AI changes infrastructure assumptions because it increases sensitivity to bottlenecks outside the headline compute layer. In a conventional virtualised estate, CPU and RAM capacity might be the dominant planning levers. With AI, the pace of innovation means workload shapes change quickly, and the time-to-value pressure pushes teams to iterate fast, which creates volatility in resource demand. Pilots can become production services in weeks, and a single successful use case can multiply data volumes, model sizes and query throughput.

Another change is the way performance is experienced. For training and fine-tuning, infrastructure efficiency is often measured by device utilisation and time-to-train. If data cannot be delivered consistently, accelerators sit idle while costs continue to accrue. For inference, users experience latency and responsiveness directly, so planning must focus on tail latency, concurrency and predictable throughput, not just average utilisation. This drives a need for low-latency storage, sufficient memory headroom, and resilient networking.

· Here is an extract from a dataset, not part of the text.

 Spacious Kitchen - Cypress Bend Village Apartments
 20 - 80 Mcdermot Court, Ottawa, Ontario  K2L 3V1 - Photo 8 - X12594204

AI workloads also increase the importance of data locality and data lifecycle management. Large datasets, feature stores, vector indexes, checkpoints and model artefacts can overwhelm traditional file share assumptions. Data copies multiply because teams replicate datasets for experimentation, create multiple versions of models, and retain training runs for reproducibility. The result is rapid capacity growth plus a requirement for higher performance tiers.

Finally, AI changes operational risk. Models and prompts can expose sensitive information if access controls are weak or logs are mishandled. Data provenance and auditability matter more, especially when AI outputs affect decisions. Infrastructure planning must therefore incorporate controls for identity, segmentation, encryption, retention and monitoring as first-class requirements rather than bolt-ons.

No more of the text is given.